The aim of the current experiment was to compare the effects of untreated HAMS with the same starch after it had been subjected to hydrothermal treatment (designated HTHAMS) on large bowel fermentation events and microbiology in pigs. This HAMS is a commercially rich source of dietary fibre and RS, with an amylose content of 85 %, and it was expected that the hydrothermal treatment would lower its small intestinal digestibility. A conventional waxy maize starch (amylose content 0 %) was used as the reference starch because of its very high small-intestinal digestibility and low RS content (Bird et al. Reference Bird, Hayakawa, Marsono, Gooden, Record, Correll and Topping2000b; Brown et al. Reference Brown, Storlien, Brown and Higgins2003). Pigs were used for the experiment as they are considered to be a good model of gut function in man (Topping & Clifton, Reference Topping and Clifton2001).

Methods

Animals

Twenty-four, 4-week-old Large White crossbred pigs (males n 13, females n 11) were used, with an initial live weight of 23·7 (sem 0·6) kg when acquired from a local commercial piggery. They were housed individually in galvanised-steel pens with concrete floors and maintained at a controlled temperature (25 °C) for the duration of the study. Before the study commenced, the pigs were habituated to their new environment and feeding routine over 10 d during which time they were all fed the control diet (see Table 1). The study protocol was approved by the Animal Experimentation Ethics Committee of the CSIRO Health Sciences and Nutrition and conformed to published guidelines (National Health & Medical Research Council, CSIRO & Australian Agricultural Council, 1985).

Table 1

Composition (g/kg) of the experimental diets

HAMS, high-amylose maize starch; HTHAMS, hydrothermally treated HAMS.

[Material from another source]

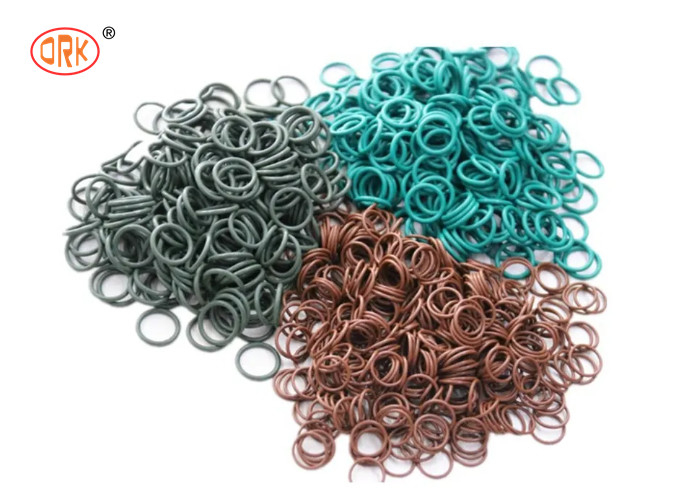 Silicone Rubber O-Ring Seal Gasket Durable and Oil-Resistant for Multiple Applications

* Mazaca 3401x cornstarch supplied by Starch Australasia Ltd, Lane Cove, NSW, Australia.

Casein obtained from Cottee Nutritionals Pty Ltd, Gordon, NSW, Australia.

Wheat bran (‘Clean Bran’) obtained from Goodman Fielder Mills (Allied Flour and Bakery Services), Mile End, SA.

§ Standard pig grower vitamin and mineral mix obtained from Roche Vitamins Australia Ltd, Wagga Wagga, NSW, Australia.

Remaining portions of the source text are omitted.